**WORK INSTRUCTION:**
Verbatim copy, pictures excluded: every line from the one with "California, Long Beach." through the final line of the data below, and no other line.

Short web captions:
BEGIN
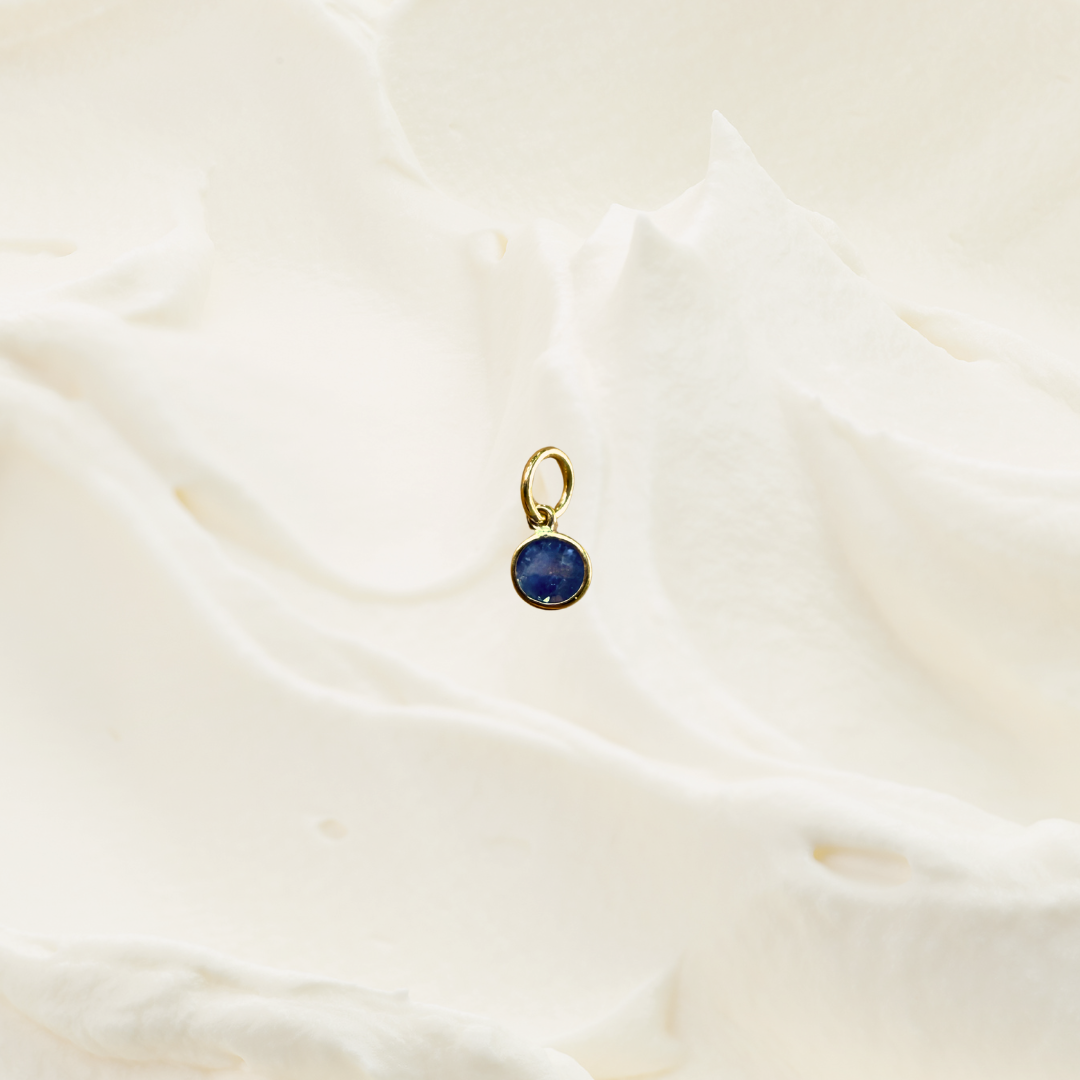 A small gold pendant with a round dark blue gemstone, resting on a softly textured, cream-colored fabric background.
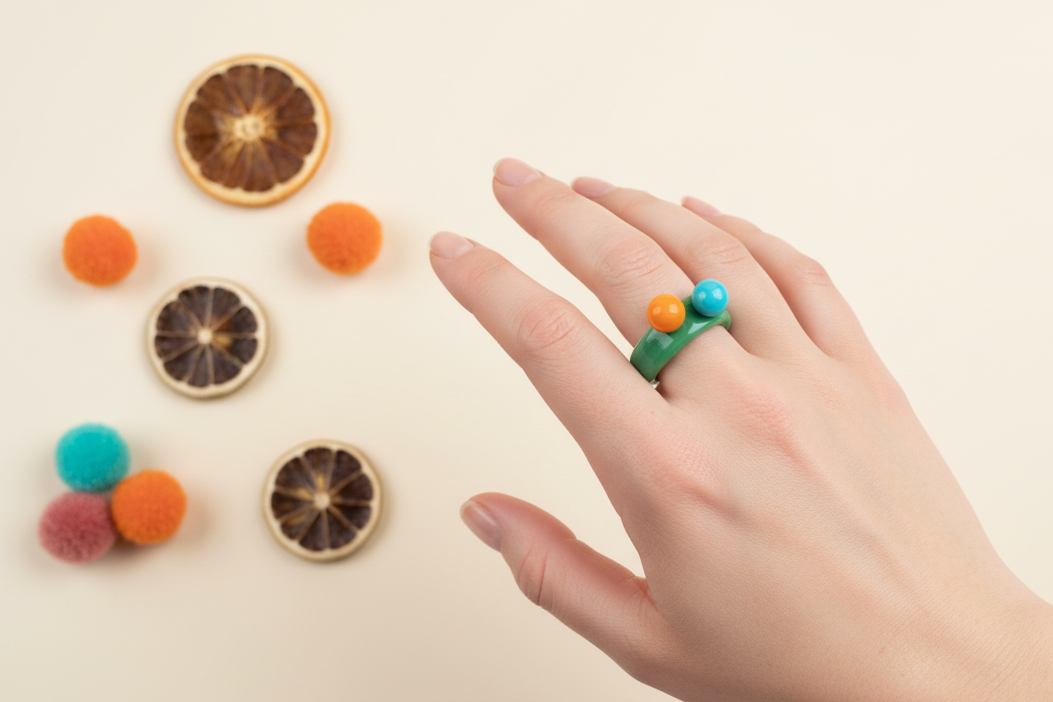 Green glass ring with elegant hand and clean background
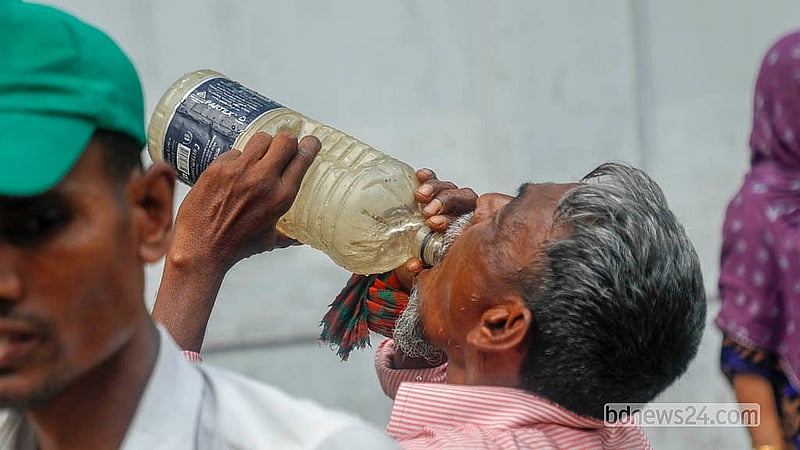 গরমের মধ্যে পথচারীরা তৃষ্ণা মেটাতে ইত্তেফাক মোড়ে বঙ্গভবন কলোনি এলাকায় ফুটপাতে থাকা কল থেকে পানি খেয়ে থাকেন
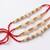set of 4 white pearls & red thread rakhi with roli chawal chandan mishri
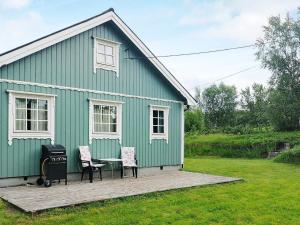 uma casa verde com duas cadeiras e um grelhador em Holiday home Tranøy em Tranøya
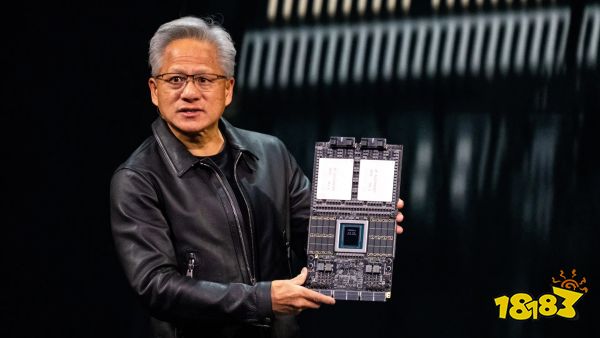 A presenter in a black leather jacket holds a large computing board with visible components and circuitry.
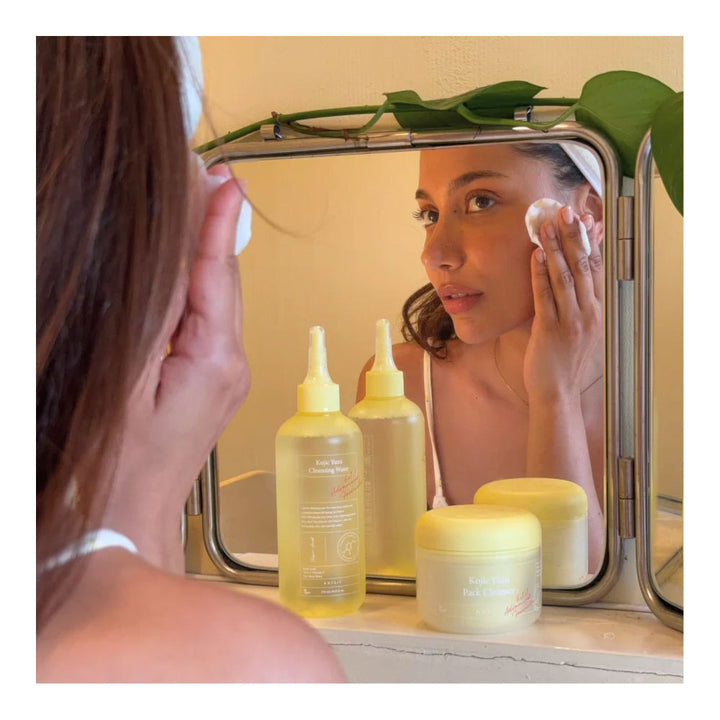 A woman applies skincare cream to her face while looking into a mirror. In the foreground, three yellow skincare bottles and two cream jars are arranged on a bathroom counter.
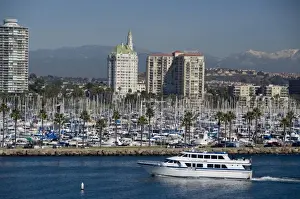 California, Long Beach. Skyline views of the port & marina area of Long Beach. Snow-capped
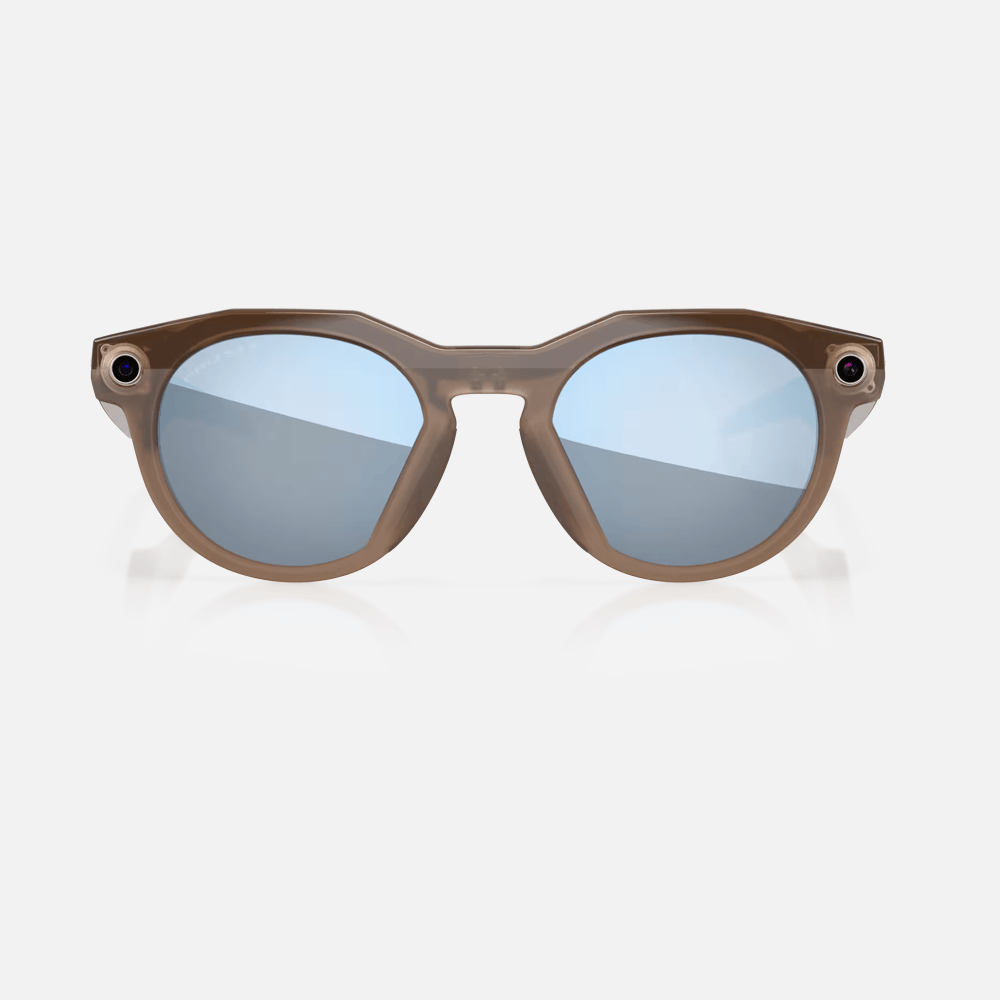Oakley Meta HSTN sunglasses with translucent brown frames and blue polarized lenses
END
**SOLUTION TO THIS TASK:**
 California, Long Beach. Skyline views of the port & marina area of Long Beach. Snow-capped
Oakley Meta HSTN sunglasses with translucent brown frames and blue polarized lenses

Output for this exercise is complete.